XFaaS: Hyperscale and Low Cost Serverless Functions at Meta

Summary of XFaaS: Hyperscale and Low Cost Serverless Functions at Meta

This paper from Meta presents their home-built Function-as-a-Service system called XFaaS. According to the paper, XFaaS handles trillions of function invocations per day, across hundreds of thousands of worker servers. The paper sets out the system architecture, and talks about how they’re able to achieve some quite impressive hardware utilization at scale.

XFaaS has a number of differences between its architecture and that of public clouds. The biggest differences show up in security, being able to delay function execution, and the ability to globally load balance execution.

One key note, XFaaS may be a hyperscale platform, but it’s clear that it is operating at a drastically different scale to AWS Lambda. In the paper they mention there are 18,377 unique functions invoked every month. AWS Lambda has over one million active customers each month. By the publicly available numbers, there’s at least two orders of magnitude in difference here.

Because of that difference in scale, Meta is able to employ a lot of optimizations in how they deploy the functions. For example, XFaaS preloads each worker with all of the updated function code for a given runtime. That works when you have around 18k functions, but that’s not an optimization that will continue to scale, except by further partitioning workers.

Another place where Meta differs is in the response times. The paper notes that services requiring sub-second response times are rarely served by XFaaS. I can’t tell if this is by choice or a result of the system. XFaaS’s optimization is delayed execution. Each function submitted to XFaaS has a “criticality deadline”, between a few seconds and 24 hours, by which time it should be executed. This means the system can delay execution to smooth out peaks and valleys.

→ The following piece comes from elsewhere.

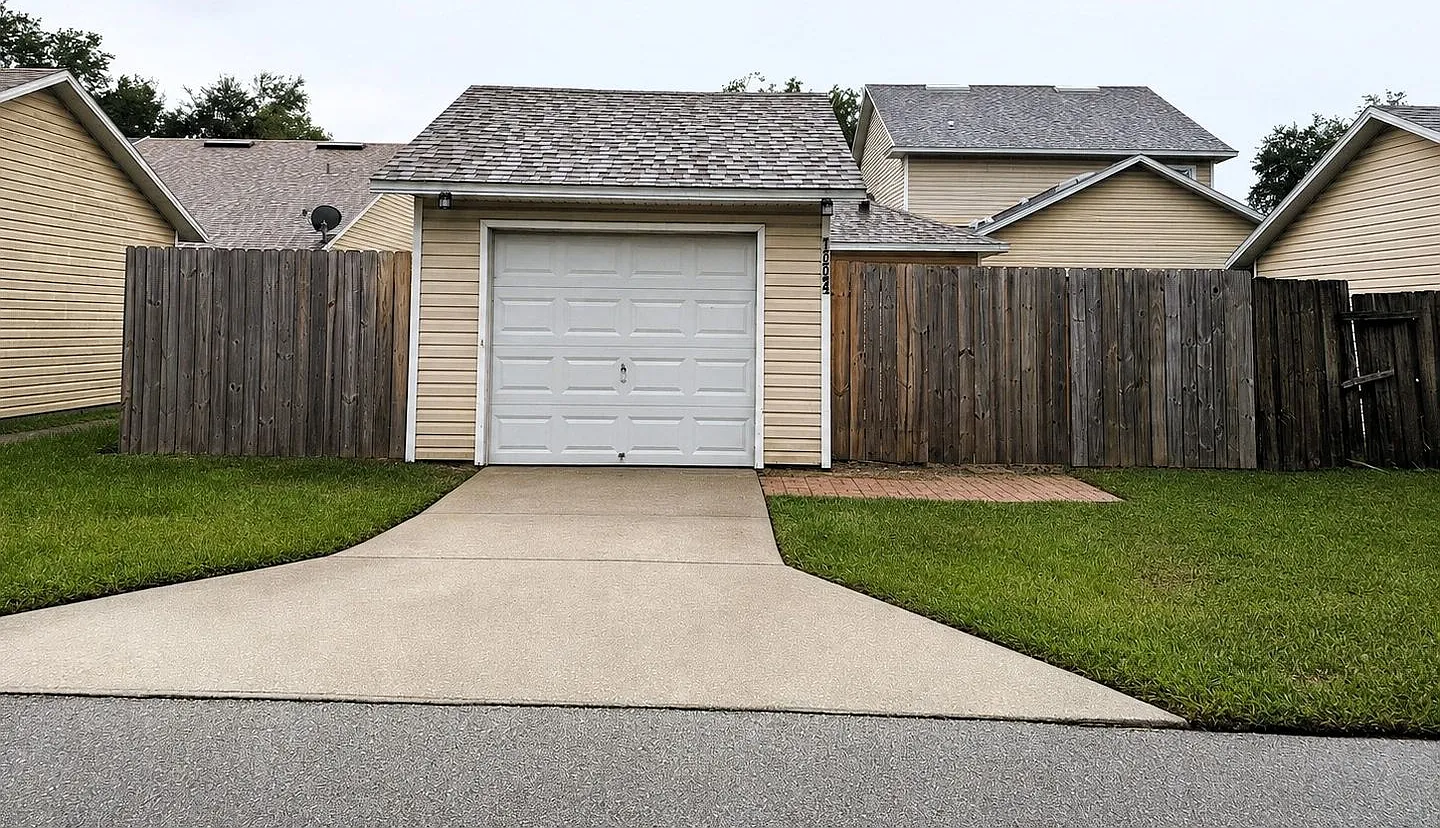 Adorable 2 bedrooms 2 baths recently remodeled rental home available in Groveland — Photo 1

A graph showing the number of function invocations vs function calls executed over a week. THe function calls executed are very flat, around 1 million, while the invoke requests spike up drastically to anywhere from 5 - 20 million exactly once a day.

Figure 4 from the paper shows the function calls executed, vs the invocations received.

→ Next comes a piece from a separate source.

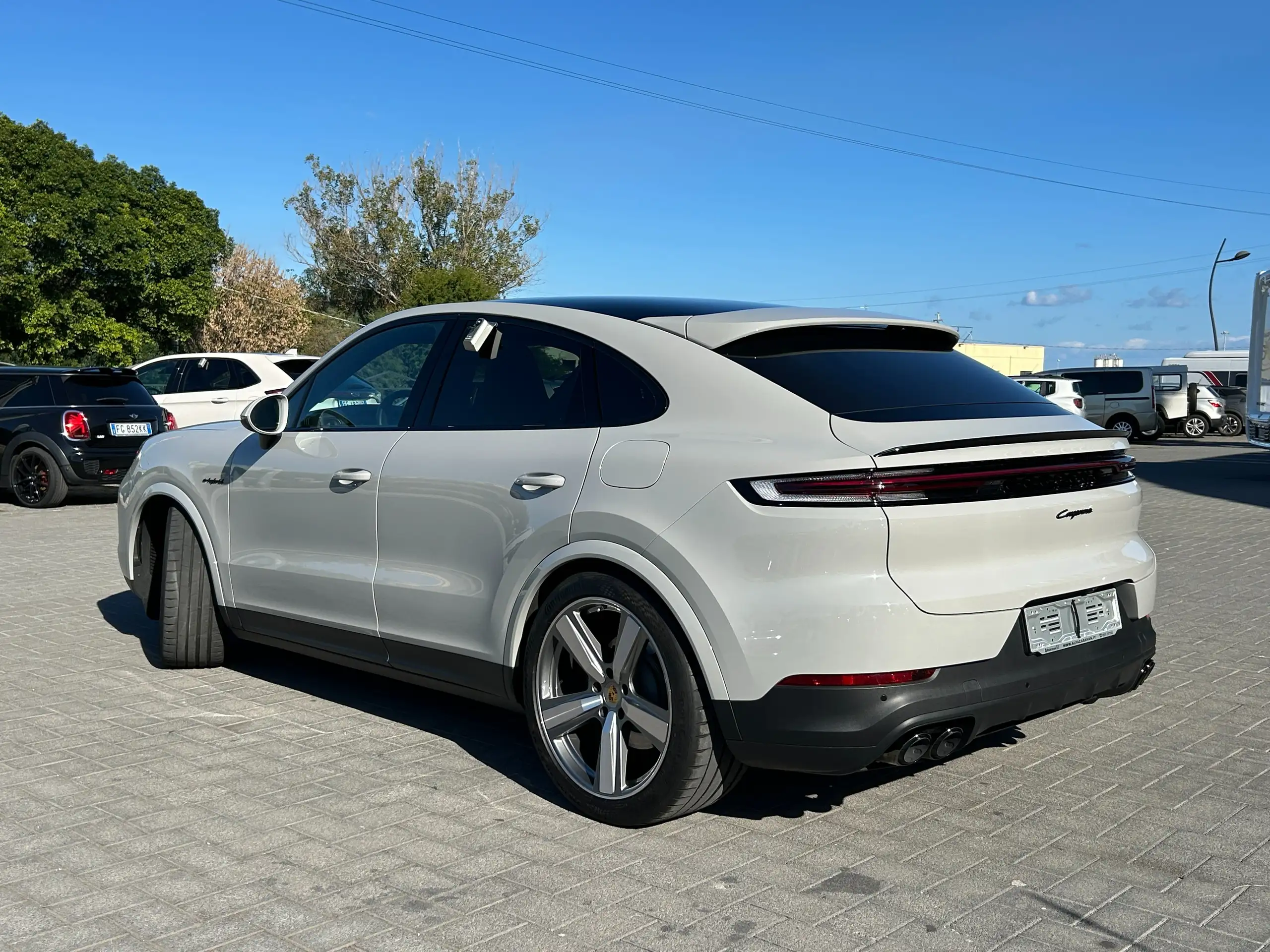 Porsche - Cayenne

However, by allowing functions to be delayed, XFaaS trades off response time for higher hardware utilization. Across public cloud offerings, many many customers rely on (and receive) response times well below a second. As a result, plenty of customers use Lambda, GCP, or Azure Functions to serve live customer traffic. This is not an unsolvable problem of FaaS, but it is a trade off that Meta has decided to make. While they make note that there are no publicly available hardware utilization numbers for other cloud vendors, they comment that their rate of 66% may be “several times higher than that of typical FaaS platforms”. Frankly that’s a ridiculous claim based on anecdotes that I don’t believe would hold up if the numbers were published.

The most interesting mechanism that this paper presents is its backpressure model, where the schedulers are able to dynamically adjust the rate limiting of a function based on exceptions from downstream services. This allows Meta to prevent downstream databases from being overwhelmed by reactively throttling functions. Mechanisms like this do exist in public clouds, event sources like SQS or Kinesis can implement backpressure, however, they’re not as tightly integrated as what the paper describes.

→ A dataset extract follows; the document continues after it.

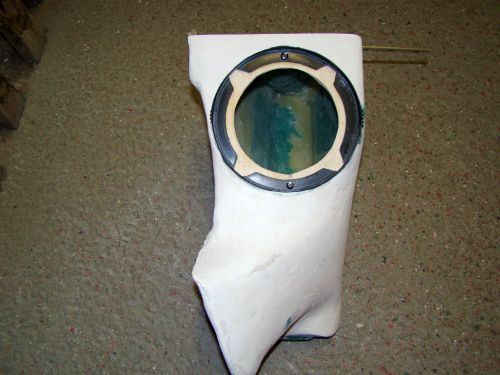 Kickbassgehaeuse links 090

Global load balancing is an interesting mechanism, and an advantage that again seems unique to Meta. Public clouds can’t easily move work from one place to another. First, there’s big concerns with data privacy, with GDPR in place it may not be legal to transfer data between regions. Second, public clouds don’t work well with this! A lot of AWS resources are region localized, endpoints between services differ. A Lambda written for us-east-1 may not run in eu-central-1.

What this paper provides a great example of is the swing back and forth of optimization and generalization in systems at scale. Coupling happens to get some kind of greater performance, for example pre-loading new versions of the functions onto worker hosts. Decoupling comes as the system needs to generalize to handle scale, or new workload types. XFaaS is a system built for Meta’s needs above all, and it clearly works well for their purposes and scale. Is there as much for public cloud providers to learn from? That I’m less convinced.